- Born: 1937
- Died: 25 May 2019 (aged 81–82) Shepherd's Bush
- Awards: Commander of the Order of the British Empire (1998) ;

= Tessa Bridgeman =

British charity executive (1937–2019)

Tessa Bridgeman CBE (1937–2019) was a British charity executive. She was associated with St Michael's Fellowship and Barnardo's. She handled the re-targeting of the Baring Foundation after the collapse of Barings Bank where her husband chaired the board.

==Life==
Bridgeman was born in 1937. Her parents were Diana Mary Erica (born Wilson) and Maurice Bridgeman who had married four years before. Her father worked for an oil company until the war started when he became a civil servant. She had an elder sister Erica Jane Bridgeman and in time she had two younger sisters Elizabeth Caroline Bridgeman and Rachel Diana Bridgeman who were born in 1944 and 1947.

She was sent to a small private school before she went to Cheltenham Ladies’ College. She did not go on to higher education and she left school when she was sixteen. She learned French and Italian and went to work abroad until she was a debutante. She worked in Britain until she married Peter Baring in 1960. He had graduated from Cambridge University and he had joined Baring Brothers & Co. the year before.

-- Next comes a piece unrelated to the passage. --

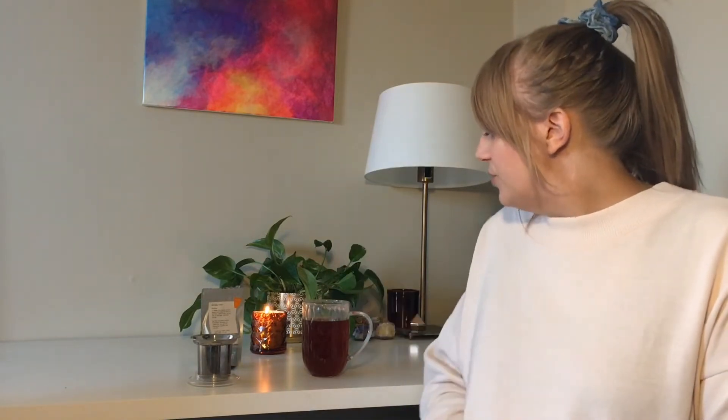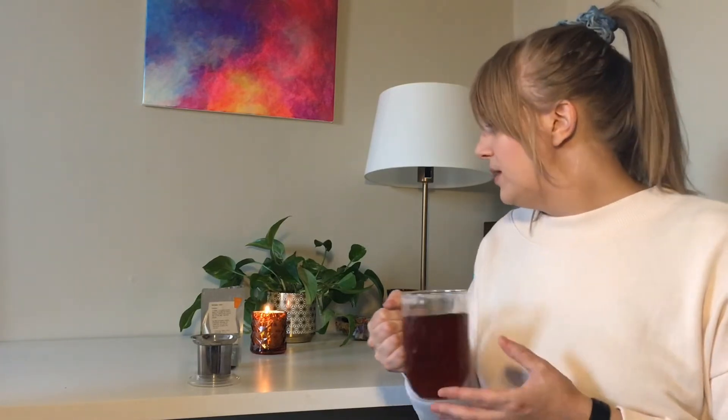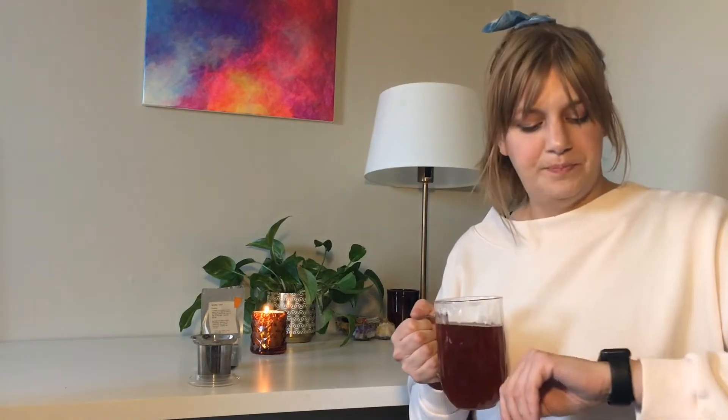We shall see how it is this time. I brewed it for about four to five minutes and it comes out this nice amber color. It's still quite hot, but I think we're gonna be okay. I should smell this again.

She continued her education and she took a sociology degree at the Polytechnic of Central London after she had gained three A levels by correspondence. She went on to work with charities including a long association with St Michael's Fellowship. She joined the board of Barnardo's and in 1987 she became the chair of their board until 1993.

In 1989 she was involved with the creation of the Association of Charitable Foundations which garnered a lot of interest but a major concern was whether it would be helpful.

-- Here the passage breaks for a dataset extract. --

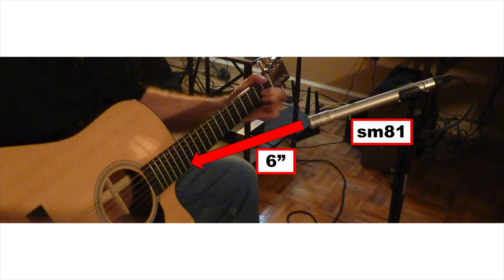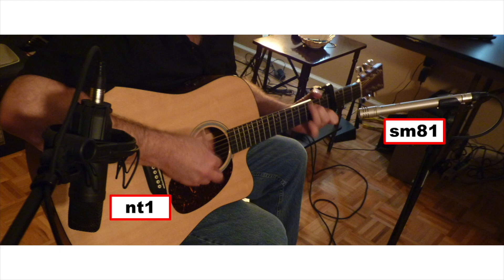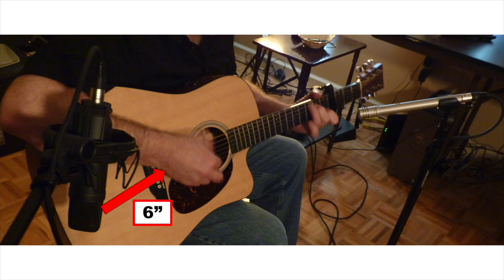There are a number of standard stereo mic setups. For these recordings, I added an NT1 and pointed it towards the bridge area. In order to minimize something called phasing — which could be a whole other topic for another video — I also positioned the NT1 to be about six inches from the guitar.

In 1995 the bank where her husband worked collapsed. She was involved with the Baring Foundation and it funding came from the now bankrupt bank. She successfully took on the task of down-sizing the foundation to refocus its role. Her husband had been chair of the bank and he retired to an estate in Wiltshire.

She and her husband were living in their home in Shepherd's Bush when she died on 25 May 2019. Her husband and three sons survived her.